President-elect Donald Trump’s victory may push some M&A deal announcements into early next year, as firms feel more confident that current tax rates will remain in place in coming years, according to several industry experts.
The looming potential for tax rate changes depending on the election’s outcome led some firms to race to close deals in 2024, as Kamala Harris had pledged to increase taxes on long-term capital gains, which could have impacted dealmakers’ profits. Additionally, the Tax Cuts and Jobs Act passed in 2017 during Trump’s first term was set to sunset next year.
Trump’s victory means the rates enacted in that bill are likely to be extended, according to Jessica Polito, the founder and principal of Turkey Hill Management, which counsels firms on M&A deals.
“I think some of the deals that were being pushed to close by the end of the year will be on track to close,” Polito said. “Others that really could have benefitted from another week or two can now take that week or two.”
According to DeVoe & Company, this past October, RIA M&A activity had the highest monthly transaction volume on record, with 39 deals in total. It surpassed the previous record of 33 deals in January 2021. Year-to-date through the end of October, deal volume was up 12% from last year, with 232 deals in total. Overall, 83% of the deals involved private equity or private equity-backed firms, compared to DeVoe’s typical recorded average of 70% of RIA deals.
Despite the tumult and volatility surrounding the election, the industry’s M&A environment is “as robust as we’ve ever seen,” according to Alaris Acquisitions CEO Allen Darby.

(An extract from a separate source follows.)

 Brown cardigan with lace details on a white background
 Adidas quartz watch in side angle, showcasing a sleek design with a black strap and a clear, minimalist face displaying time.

The industry’s demographics (with older owners seeking to sell) also suggest that the trend is unlikely to abate anytime soon.
“Then you couple that with the depth of the buyer roster (that) is substantially larger than what it was in years past, with new buyer entrants and capital providers coming into the fold,” Darby said. “So both of those things continuing to mature, in my view, sets up the stage for a very active M&A market for the foreseeable future.”
Along with the election’s outcome, the industry (and the country as a whole) has eyed the Federal Reserve, which in recent months announced two cuts to the target range for the federal funds rate for a cumulative 75 basis points (with indications of additional cuts in the coming year) after a multi-year run of hiking (and holding) rates while combating inflation.
When asked the day after the election, Polito speculated the Fed had been holding back from announcing rate cuts immediately before the election to avoid the appearance of playing politics. Sure enough, the Federal Reserve cut its target by 25 basis points the following Thursday.
“And I think the implication as far as M&A goes is that we might start to see a shift back to more cash and less equity in transactions as borrowing continues to get cheaper,” she said.
Darby agreed and said most advisors are factoring in a “minor reduction” in today’s interest rates rather than more drastic cuts.
But Darby’s question mark for Trump’s agenda remained his tariff proposals, where it remains to be seen whether proposed tariffs of 60% to 100% on Chinese goods and tariffs between 10% and 20% on all imports are “saber-rattling” or will fully come to fruition. Darby said this could impact inflation and market volatility, but he expected most volatility to be short-lived.
“If the market is performing well, wealth management businesses are going to do great,” he said.